When Women Dream
How Spokane’s Celeste Shaw became a guest editor for Where Women Cook magazine
Celeste Shaw has been thinking about the holidays since April.
As the guest editor-in-chief of Where Women Cook‘s first ever holiday issue, a nationally distributed glossy magazine on stands through December, Shaw was busy contacting sources, coordinating photography and overseeing content that went to press well ahead of the winter season. This all took place in addition to her roles as owner of the west Spokane restaurant and bakery Chaps Coffee Co. and the boutique Lucky Vintage & Pretty Things.

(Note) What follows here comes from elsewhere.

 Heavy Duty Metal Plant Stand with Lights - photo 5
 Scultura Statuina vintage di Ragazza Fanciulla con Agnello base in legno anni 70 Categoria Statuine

Shaw also works part time as a nurse and is co-owner of Paper and Cup cafe in Kendall Yards.
Though the holiday rush is now here, Shaw isn’t feeling overtaxed from thinking so much already about festive winter meals, home decorating and gathering with loved ones. Quite the opposite, actually. She’s excited and invigorated, and humbly soaking up the magazine’s success; it’s been selling out at stores across the U.S., including Costco and Barnes & Noble, since the beginning of November.
“I’ve had it in my mind for so long to do something around the holidays,” Shaw reflects from the cozy attic office above Chaps’ dining room on a chilly Friday during an unusually busy lunch rush.
“The exciting part of it for me, to do the holidays even early in the spring, is when I talked to the women I had asked to be featured, they also had holiday in their heads. They all shared that golden thread of love for the holiday,” she continues.
Where Women Cook was created in 2010 by publisher Jo Packham, who also owns three sister publications: Where Women Create, Where Women Work and What Women Create. The cooking-focused edition is published quarterly and follows a format similar to the others, with a focus on beautiful photography and storytelling. Features are written in first person by the female artisans, entrepreneurs, chefs, farmers, homemakers, artists and other creatives featured within its pages.